Your answer should be each line of the entries that contains the word "license", copied in full.

RECORD SET ▸
....................
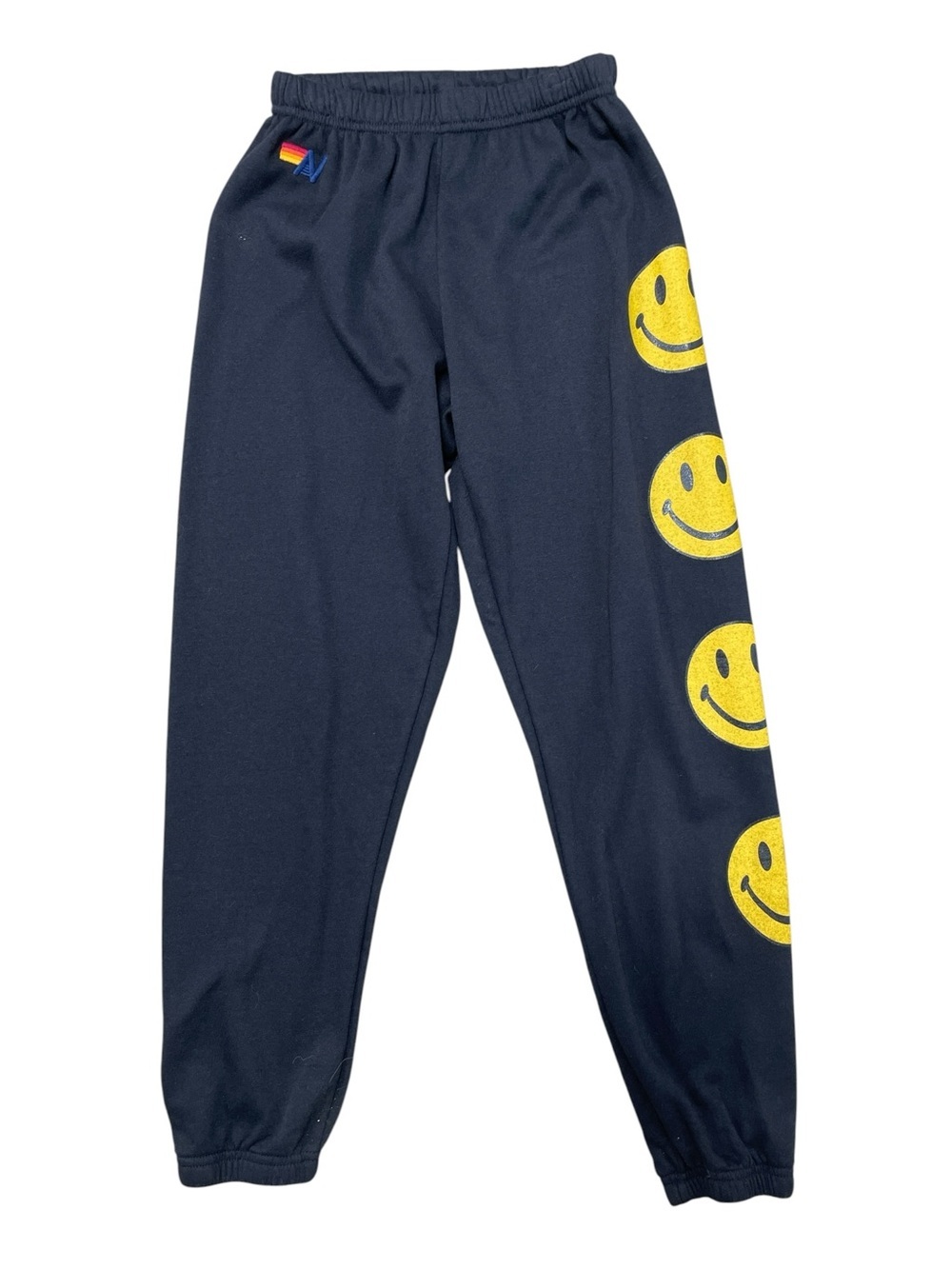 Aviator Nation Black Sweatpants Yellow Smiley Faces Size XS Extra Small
....................
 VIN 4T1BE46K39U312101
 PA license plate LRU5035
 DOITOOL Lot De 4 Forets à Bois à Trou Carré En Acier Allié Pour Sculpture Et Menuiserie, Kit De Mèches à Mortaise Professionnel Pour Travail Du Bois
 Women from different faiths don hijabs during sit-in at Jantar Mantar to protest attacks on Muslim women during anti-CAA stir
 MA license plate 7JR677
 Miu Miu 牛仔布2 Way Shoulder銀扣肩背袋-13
....................
SOLUTION TO THIS TASK ▸
 PA license plate LRU5035
 MA license plate 7JR677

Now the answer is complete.